INTERNATIONAL TAX PLANNING
Cyprus and Iran double tax treaty
Cyprus and Iran had signed a tax treaty, on 4 August 2015, for the avoidance of double taxation and fiscal evasion with respect to taxes on income. The Treaty entered into force on 5 March 2017 and will come into effect on 1 January 2018.
Under the new treaty, dividend payments will be subject to withholding tax at the rate of 10%, which may be reduced to 5% if the beneficial owner holds directly at least 25% of the capital of the dividend paying company. Withholding tax on interest payments shall not exceed the rate of 5% provided that the recipient is the beneficial owner of such interest income. Withholding tax on royalty payments shall not exceed the rate of 6% provided that the recipient is the beneficial owner of such royalty income. In addition, capital gains arising from the alienation of the shares of a company will be taxable only in the state of residency of the person alienating the assets, unless more than 50% of the value of such shares derives directly from immovable property situated in the other state in which case taxation will be levied at the state where the immovable property is situated.

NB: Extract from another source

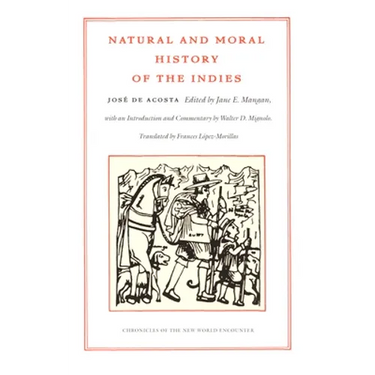 Natural and Moral History of the Indies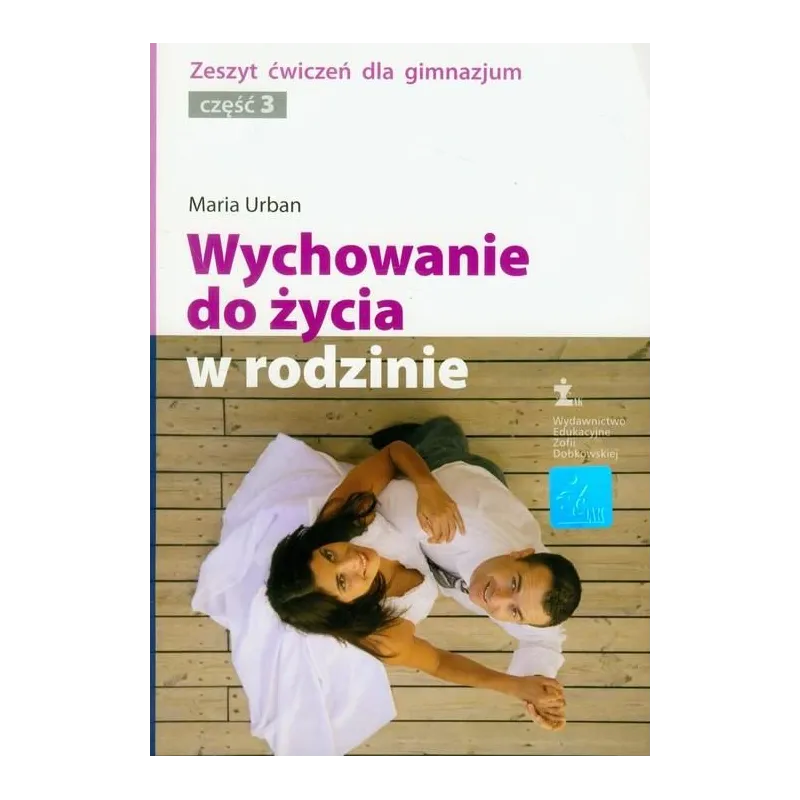 WYCHOWANIE DO ŻYCIA W RODZINIE. ZESZYT ĆWICZEŃ. Maria Urban - ŻAK- Wydawnictwo Edukacyjne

What is interesting to note, is that unlike other treaties recently concluded by Cyprus, this treaty does not provide for a separate article covering offshore activities. Although it is highlighted that as per Article 6(2), any income derived from rights to variable or fixed payments as consideration for the working of, or the right to work, mineral deposits, sources and other natural resources including oil, gas and quarries, should be considered as income from immovable property and may be taxed in the contracting state of situs.
With this new treaty, Cyprus has further expanded its extensive Double Tax Treaty network and aims to strengthen its economic and commercial relations with Iran.